George Cox feels ten feet tall – after defying a claim he was too small to be a footballer.

The full-back from Portslade has signed a two-year deal and has targeted a first team place before that contract expires.

Cox was part of the Albion under-21s side which came from 2-0 down to draw with Oxford United in the Checkatrade Trophy before winning a shoot-out.

High quality delivery from out wide is one of the 19-year-old’s trademarks, as he showed when he set up a great chance for Daniel Mandroiu at the Kassam Stadium.

But it looked like it would count for nothing during his days as a boy at Hove Park School.

The Argus:

George Cox converts his penalty in the shoot out at Oxford

He bounced from Albion to Aston Villa – and then received the shattering verdict that he would not make it as a professional. It all seems a while ago now.

Cox told The Argus: “The contract is a massive thing for me. I’ve been here since I was in the under-11s.

“At under-16s I wasn’t given a full contract so I went on trial at Aston Villa for a little while.

“They were like, ‘No – you’re not big enough!’ “I was on a schoolboy contract in my scholarship years so it was difficult for me not being on the same contract as all the boys.

“That is when you first start getting paid but I was still on expenses.

“My first game in the under-18s was actually against Aston Villa.

“The other left-back was injured so I got a game and I had a good game.

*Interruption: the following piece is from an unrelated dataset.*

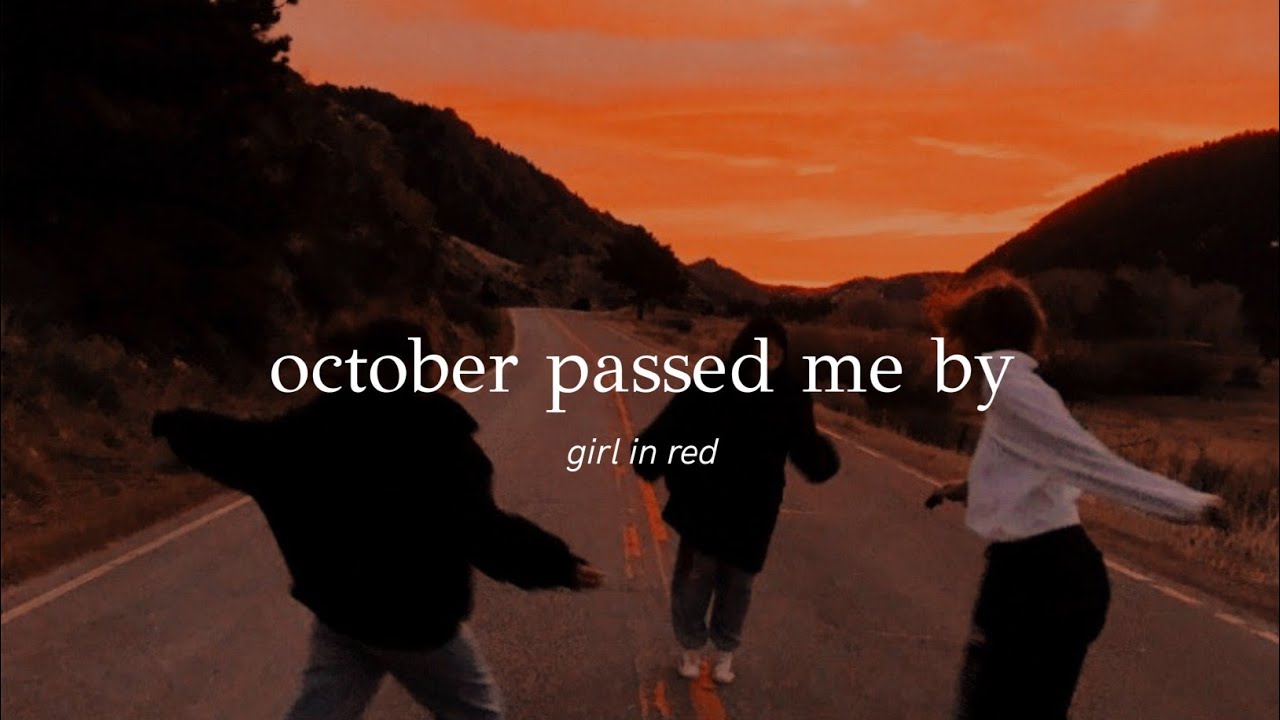 girl in red october passed me by (lyrics) YouTube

“Straight after that, I was offered my scholarship. From there it has just gone on.

“I was offered a one-year pro deal at the end of the scholarship and last year I took my chances when I was given them. That has led to another contract.”

Cox will not turn 20 until January but is seen as a relatively late developer.

First team boss Chris Hughton said: “It just goes to show some can develop that little bit younger.

“Some stick in there and their level of performance can improve over a period of time and certainly that been the case with Coxy.”

Development boss Simon Rusk echoes those sentiments.

Rusk said: “Coxy is a good example of steadily working at your game.

“You have to plug away over days, weeks, months, years even and just gradually improve all the time.

“You have to stay concentrated and consistent and, in the end, it might get you to where you want to be.

“As a player, you have just got to give yourself every chance going and George is doing that.”

Cox is thrilled to play for his local club and is aiming high.

He said: “When I get chances I have got to take them with both hands and, within two years, I hopefully get into the first team. That has got to be the aim.”

The Checkatrade Trophy is a part of that development.

For all its critics, you will not hear a bad word said about the competition among the Albion development set-up.

They sent a team to Oxford which was some way short of full strength and came from 2-0 down against some experienced Football League players.

The Trophy critics point at low crowds but a gathering which just about made it into four figures was still a step up for the youngsters.

Cox said: “It was a great experience playing in front of all those people.

“Playing against first teams is good for us, gives us good experience, and to get a result is even better.

“The boys stuck with it at 2-0 down and to get a goal before half-time was key.”